In one embodiment, the plurality of semiconductor laser elements may be cut out from the same wafer. In this case, the plurality of semiconductor laser elements have variations in oscillation wavelength at the room temperature due to process variations. The oscillation wavelengths of the plurality of semiconductor laser elements depend on positions on the wafer before being cut out. Accordingly, a reflective film having a relatively high emitting side reflectance in a high temperature state may be formed in an element positioned in a region on the wafer where the oscillation wavelength tends to be short, and a reflective film having a relatively low emitting side reflectance in the high temperature state may be formed in an element positioned in a region on the wafer where the oscillation wavelength tends to be long.
The semiconductor laser device according to one embodiment may include three or more semiconductor laser elements. The first semiconductor laser element may be an element having a shortest oscillation wavelength at the room temperature among the plurality of semiconductor laser elements, and the second semiconductor laser element may be an element having a longest oscillation wavelength at the room temperature among the plurality of semiconductor laser elements.
In one embodiment, the oscillation wavelength may be between 600 nm and 700 nm. A semiconductor laser element in which an active layer is made of an AlGaInP-based material has particularly poor temperature characteristics. Accordingly, a technology according to the present disclosure is applied to the semiconductor laser element having this oscillation wavelength, and thus, an effect becomes remarkable.
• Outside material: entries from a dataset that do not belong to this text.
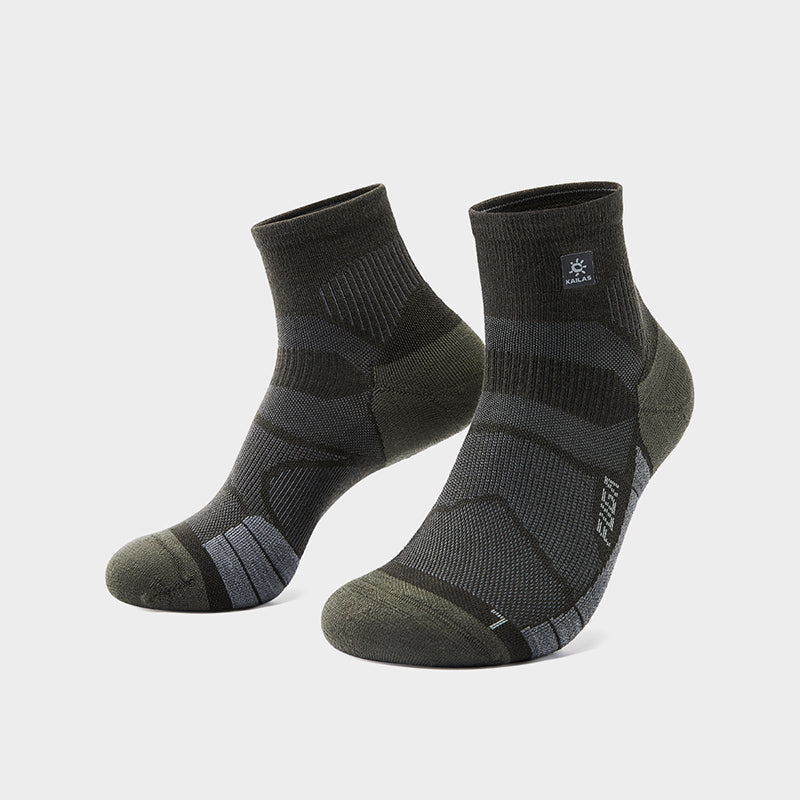 Kailas Low-cut Trail Running Merino Wool Socks Men's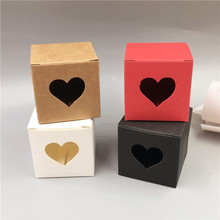 5Pcs/Lot Handmade Packaging Gift Box 5x5x5cm Blank With Heart Shape Hollow Candy Boxes Present Packing Festival Decoration Case 2024 - buy cheap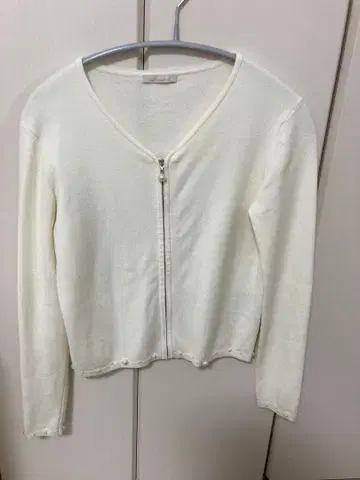 아베닐 에투알 펄 집업 니트 가디건 36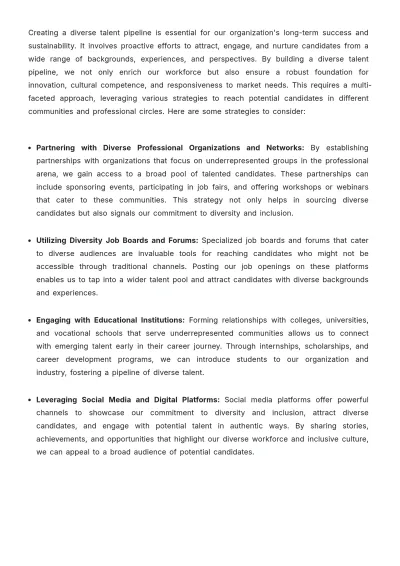 Free Diverse Candidate Sourcing Guide HR Template to Edit Online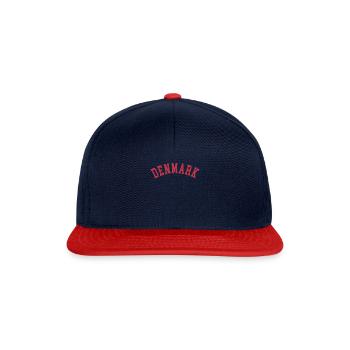 Pour les amoureux du Danemark et du peuple danois - Casquette snapback - bleu marine/rouge - Devant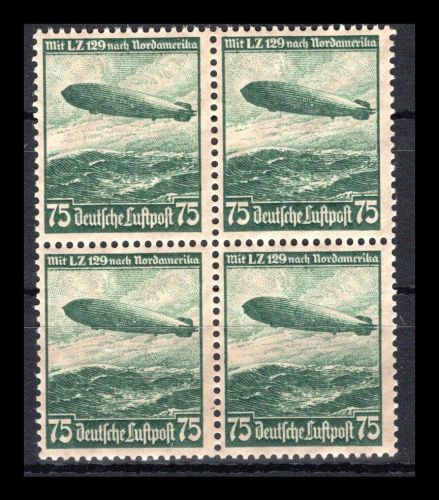 Deutsches Reich MiNr. 607 y postfrisch als 4er Block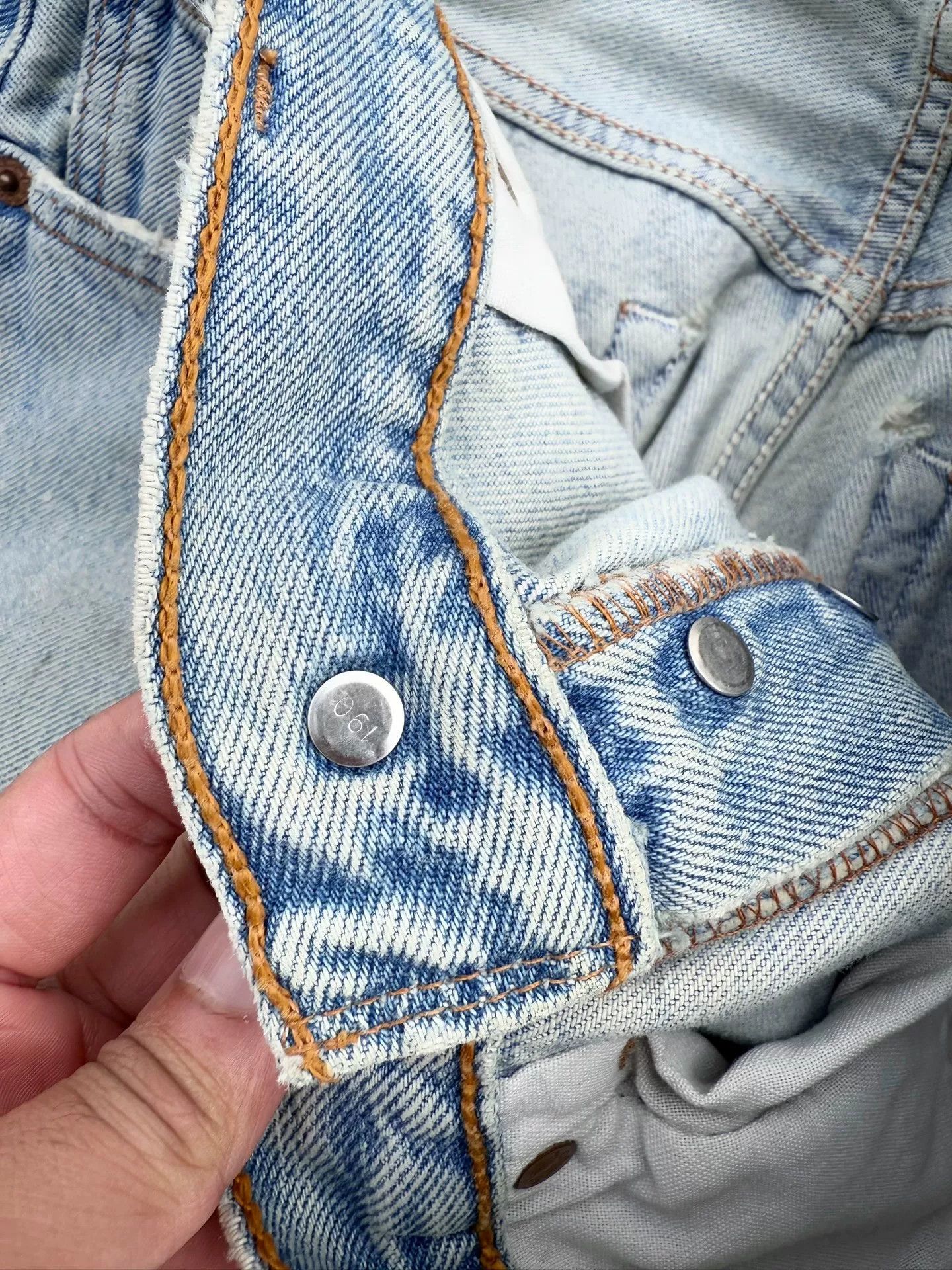 Vintage Vintage 00s Levi's 501 Straight Jeans Size 32" / US 10 / IT 46 - 9 Thumbnail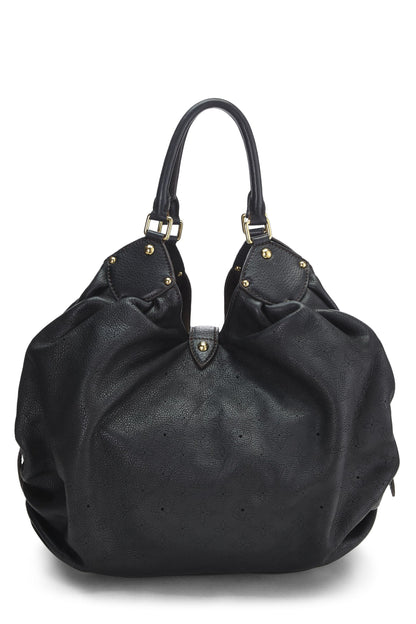 Louis Vuitton,  Black Monogram Mahina XL, Black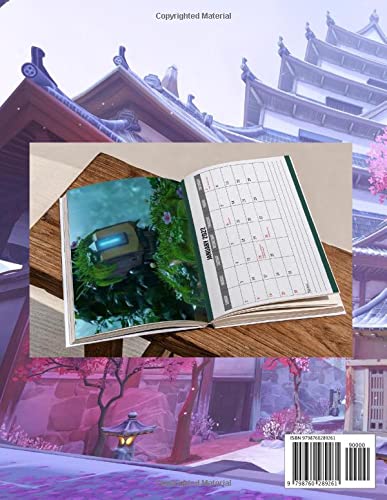 Overwatch 2022 Calendar: Video Game Mini Planner Jan 2022 to Dec 2022 PLUS 6 Extra Months | Photos Pictures Gift Idea For Fans Gamers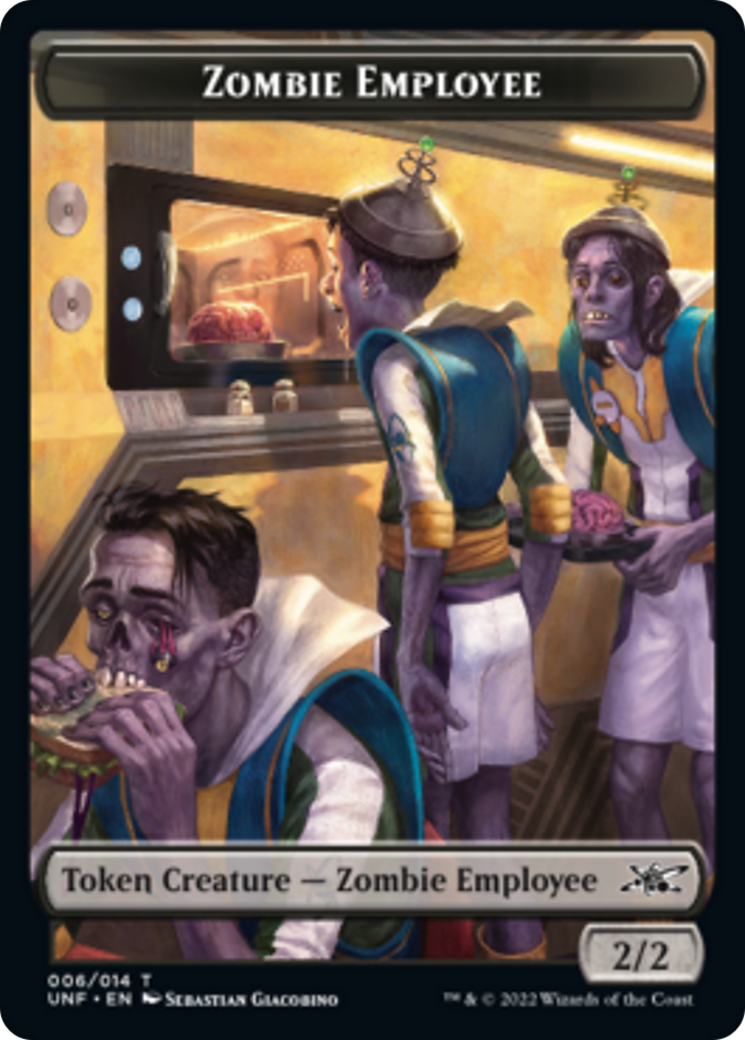 Zombie Employee // Food (011) Double-Sided Token [Unfinity Tokens] | A1Comics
In one embodiment, as the wavelength is longer, the emitting side reflectance of the first semiconductor laser element may be higher. In other words, in one embodiment, the emitting side reflectance of the first semiconductor laser element at the room temperature may be lower than the emitting side reflectance at the upper limit of the operating temperature. Since the light output is usually higher at the room temperature, it is important that a COD resistance at the room temperature is high. On the other hand, in the high temperature state, it can be said that reduction in the threshold current is more important in order to suppress the reduction in the light output. In consideration of balance, it is possible to lower the threshold current at a high temperature while improving the COD resistance by lowering the emitting side reflectance at the room temperature and increasing the emission side reflectance at a high temperature.
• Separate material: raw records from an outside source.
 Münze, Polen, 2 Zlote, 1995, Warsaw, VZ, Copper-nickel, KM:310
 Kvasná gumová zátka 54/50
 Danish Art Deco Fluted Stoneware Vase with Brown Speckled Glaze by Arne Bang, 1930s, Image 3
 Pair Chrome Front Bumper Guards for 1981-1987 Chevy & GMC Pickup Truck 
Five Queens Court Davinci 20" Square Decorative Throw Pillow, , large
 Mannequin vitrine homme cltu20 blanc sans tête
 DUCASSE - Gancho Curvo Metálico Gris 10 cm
In one embodiment, a difference between the emitting side reflectance of the first semiconductor laser element at the room temperature and the emitting side reflectance of the second semiconductor laser element at the room temperature is smaller than a difference between the emitting side reflectance of the first semiconductor laser element at the operating temperature upper limit and the emitting side reflectance of the second semiconductor laser element at the operating temperature upper limit. Since the difference in the light emitting side reflectance at the room temperature affects the difference in the COD resistance, the difference in the emitting side reflectance at the room temperature between the semiconductor laser element having the short wavelength and the semiconductor laser element having the long wavelength is desirably as small as possible. In addition, when the semiconductor laser element having the short wavelength is compared with the semiconductor laser element having the long wavelength, since the variation in the threshold current at the room temperature is smaller than the variation in the threshold current at the high temperature, the difference in the emitting side reflectance at the high temperature between the semiconductor laser element having the short wavelength and the semiconductor laser element having the long wavelength may be large.
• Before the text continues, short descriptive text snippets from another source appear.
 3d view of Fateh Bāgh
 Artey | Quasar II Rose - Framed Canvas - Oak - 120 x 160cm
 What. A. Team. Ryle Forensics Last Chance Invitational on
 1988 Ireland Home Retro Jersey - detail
In one embodiment, in a graph in which a horizontal axis is plotted as the oscillation wavelength and a vertical axis is plotted as the emitting side reflectance, a slope of the graph of the first semiconductor laser element is larger than a slope of the graph of the second semiconductor laser element. The semiconductor laser element having the short wavelength has a larger increase rate of a wavelength with respect to a temperature change than the semiconductor laser element having the long wavelength. Therefore, the slope of the semiconductor laser element having the long wavelength is set to be larger than the slope of the semiconductor laser element having the short wavelength, and thus, it is possible to reduce the variation in the threshold current between the semiconductor laser element having the short wavelength and the semiconductor laser element having the long wavelength in a wide temperature range.
A semiconductor laser device according to one embodiment includes a plurality of semiconductor laser elements having different oscillation wavelengths at a room temperature. At least one of a film thickness, a refractive index, a number of layers is different between reflective films on emitting edges of the plurality of semiconductor laser elements, and as statistically viewed, an emitting side reflectance of the semiconductor laser element having a short oscillation wavelength at an operating temperature upper limit at the room temperature is higher than an emitting side reflectance of the semiconductor laser element having a long oscillation wavelength at the operating temperature upper limit at the room temperature.

EMBODIMENTS

Hereinafter, preferred embodiments of the present disclosure will be described with reference to the drawings. The same or equivalent components, members, and processing illustrated in the drawings are denoted by the same reference signs, and the redundant description will be omitted as appropriate. In addition, the embodiments are not intended to limit the disclosure but are examples, and all features described in the embodiments and combinations thereof are not necessarily essential to the disclosure.
Dimensions (thickness, length, width, and the like) of each member described in the drawings may be appropriately enlarged and reduced for easy understanding. Further, dimensions of the plurality of members do not necessarily indicate a magnitude relationship therebetween, and even though a certain member A is drawn thicker than another member B in the drawing, the member A may be thinner than the member B.

First Embodiment

FIG. 1 is a diagram illustrating a semiconductor laser device 100 according to a first embodiment. The semiconductor laser device 100 includes a plurality of semiconductor laser elements 200_1 to 200_N, a heat sink 102, and a plurality of submounts 104_1 to 104_N. In the present embodiment, N=3.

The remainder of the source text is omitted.